Work to be completed:
Below are records; print only the lines from the line containing "Three-Layer Chiffon Khimar" to the end, both included, reproduced exactly and without the pictures.

(Pictures with short captions)
★ ★ ★
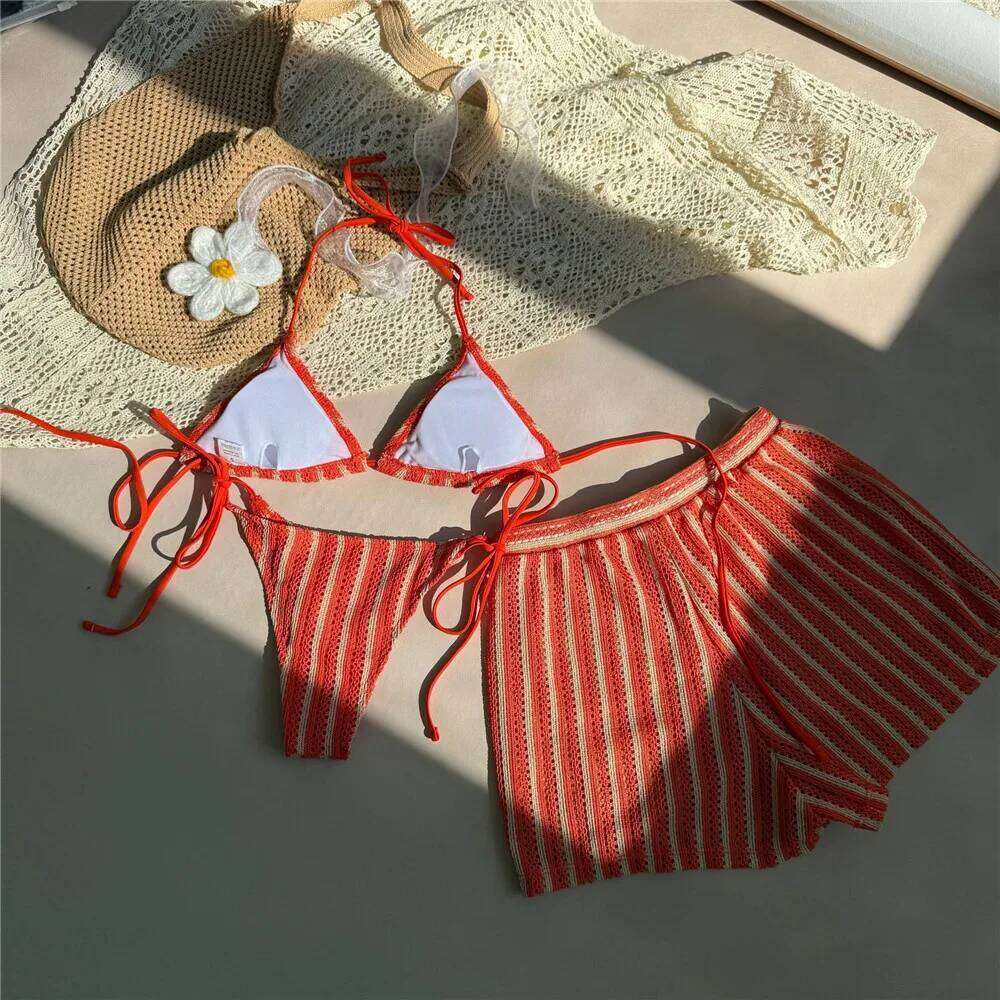 Orange Striped Swimwear Halter String Triangle Bikinis Sets 3 Pieces Bottoms Shorts Mini Micro Thong Sexy Swimsuit Woman 2025 Z260206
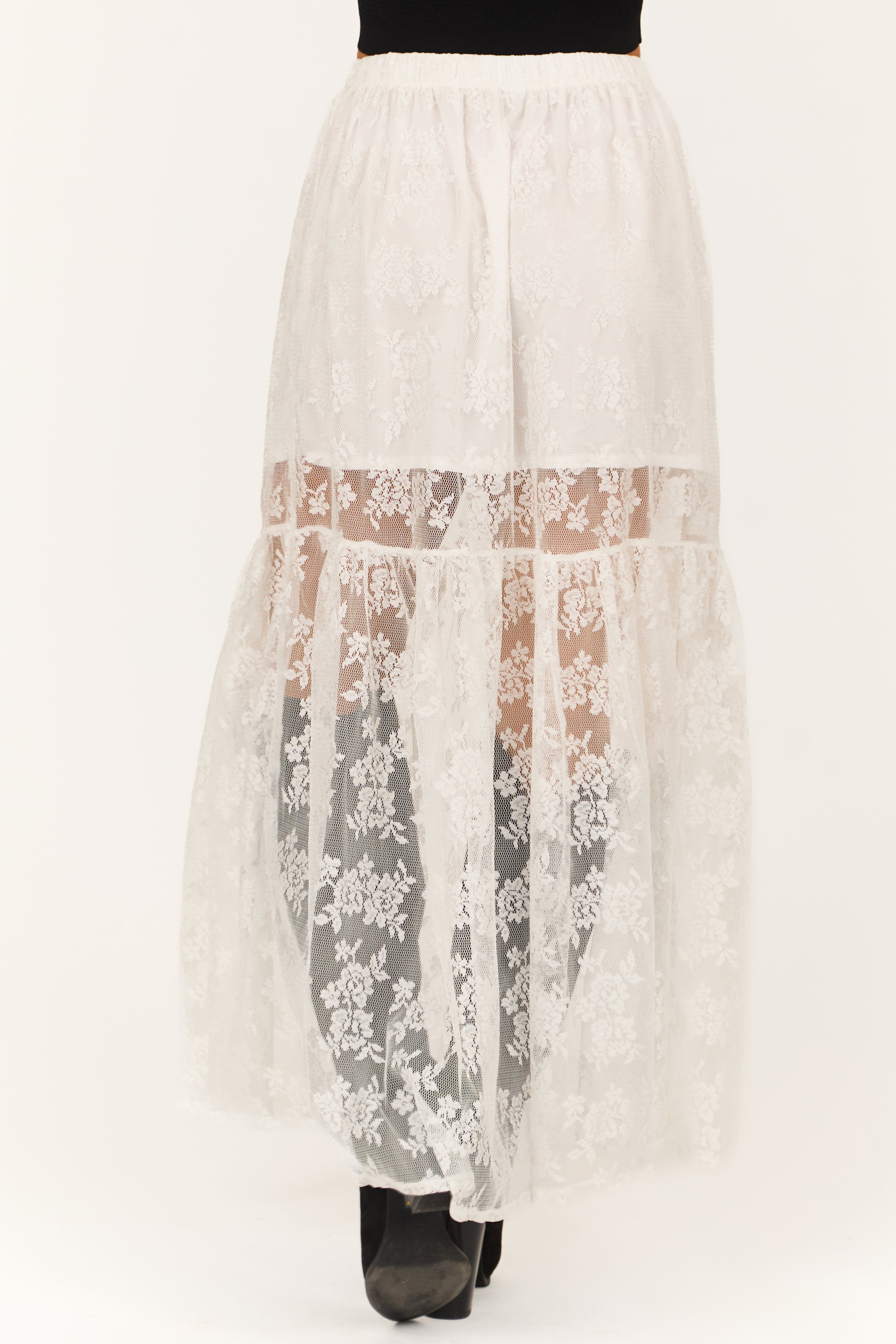 White High Waist Sheer Lace Maxi Skirt-Newayad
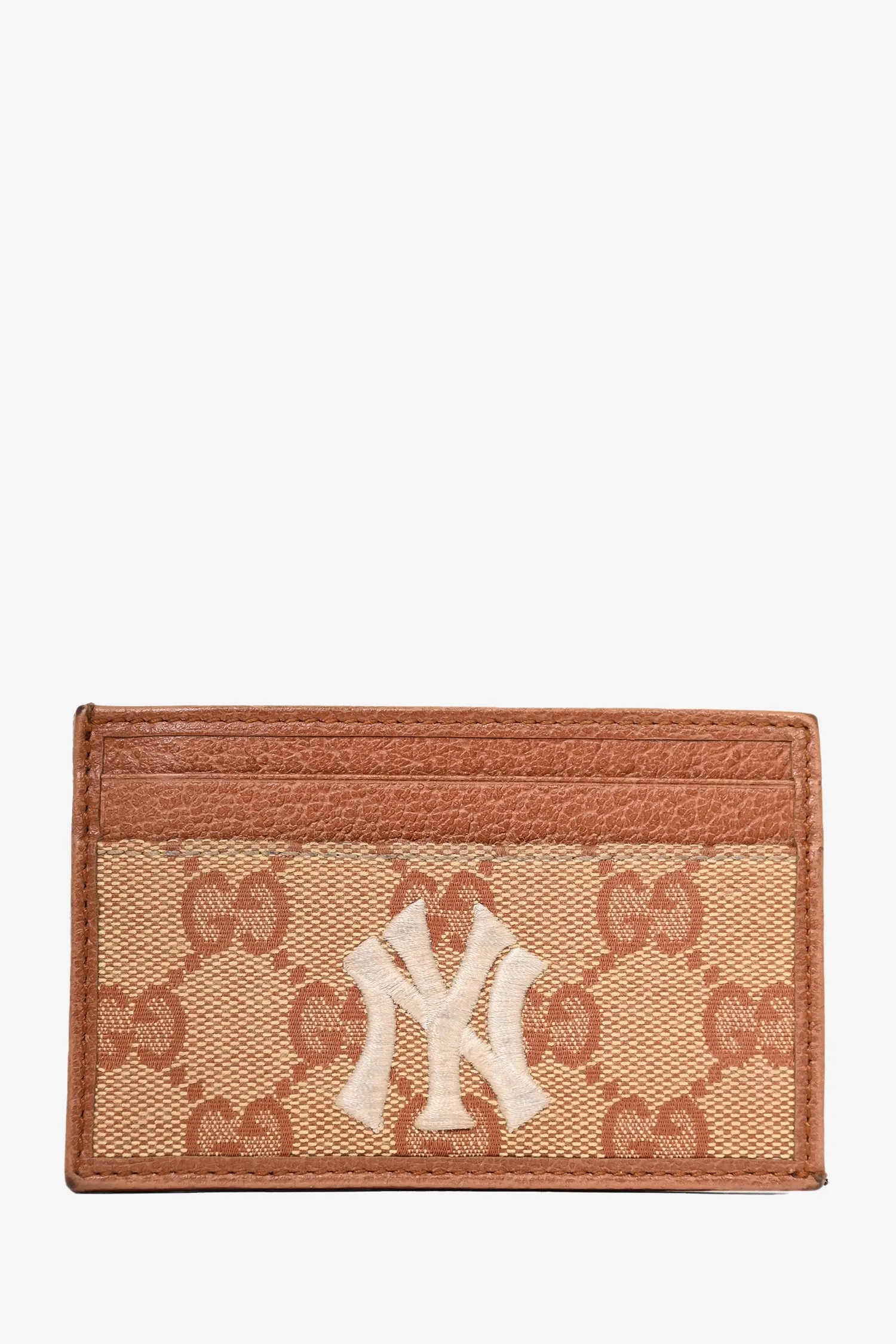 Gucci Limited Edition Brown Leather/Monogram Canvas 'New York Yankees' Card Holder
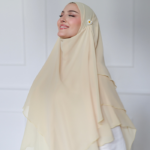 Three-Layer Chiffon Khimar in Butter Yellow 1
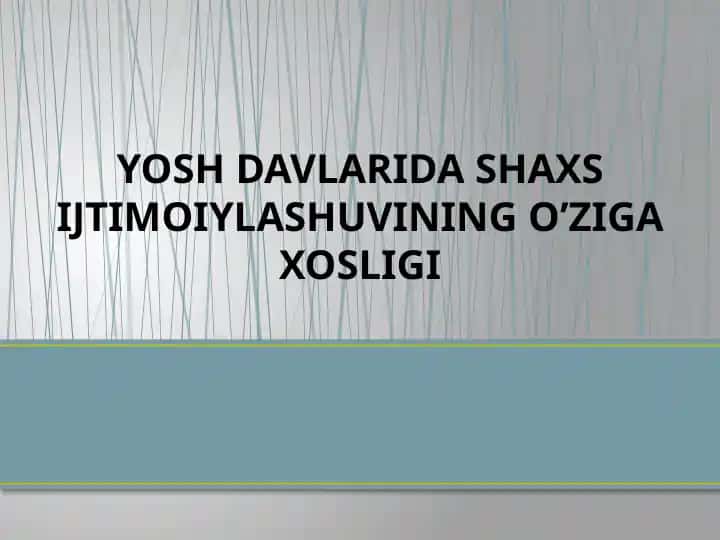 Shaxs Ijtimoiy Mavqei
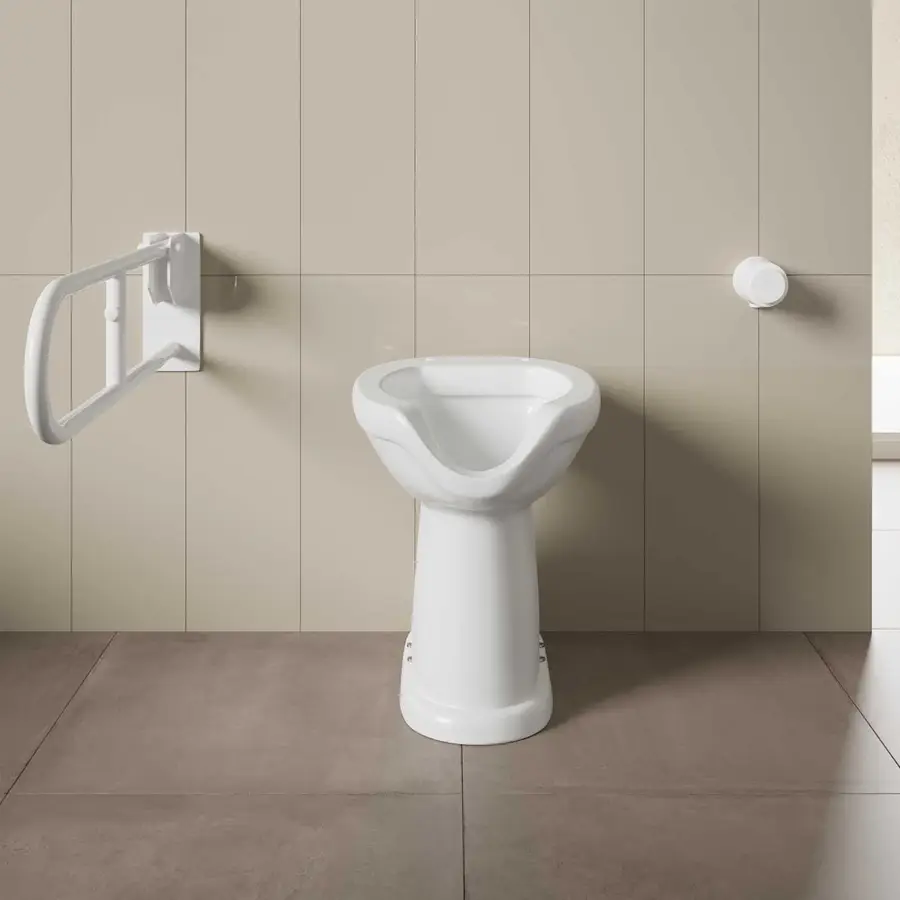 WC sospeso per disabili con apertura frontale in ceramica bianca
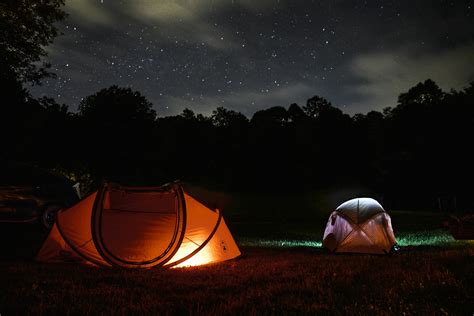 Two Lighted Dome Tent During Nighttime · Free Stock Photo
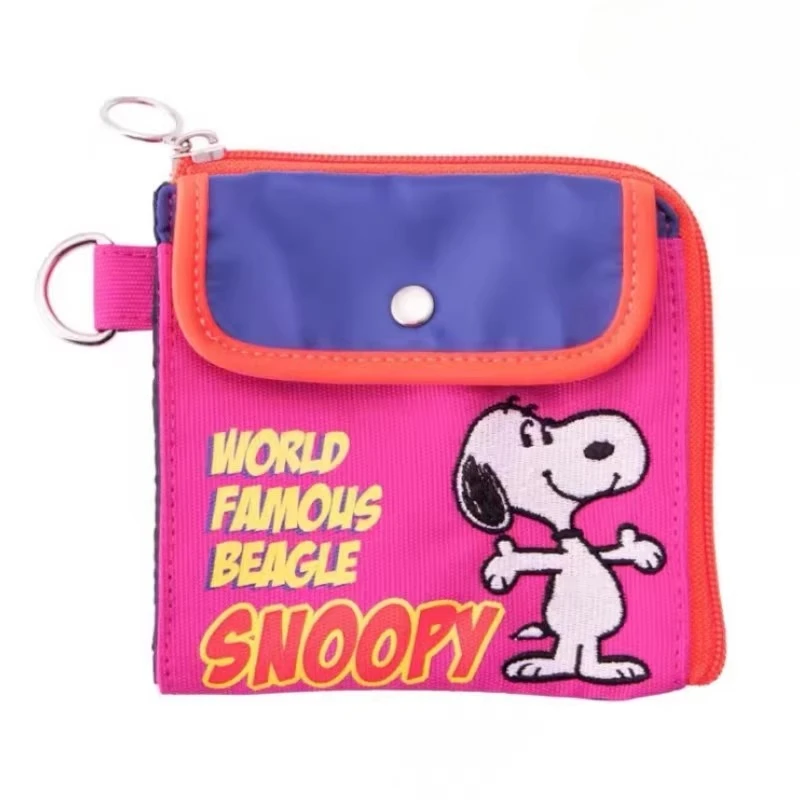 

Snoopy Dopamine Colorful Patchwork Print Coin Purse, Cute Cartoon Pattern Small Wallet for Women, Vintage Peanuts Money Bag Gift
★ ★ ★
Solution:
 Three-Layer Chiffon Khimar in Butter Yellow 1
 Shaxs Ijtimoiy Mavqei
 WC sospeso per disabili con apertura frontale in ceramica bianca
 Two Lighted Dome Tent During Nighttime · Free Stock Photo

Snoopy Dopamine Colorful Patchwork Print Coin Purse, Cute Cartoon Pattern Small Wallet for Women, Vintage Peanuts Money Bag Gift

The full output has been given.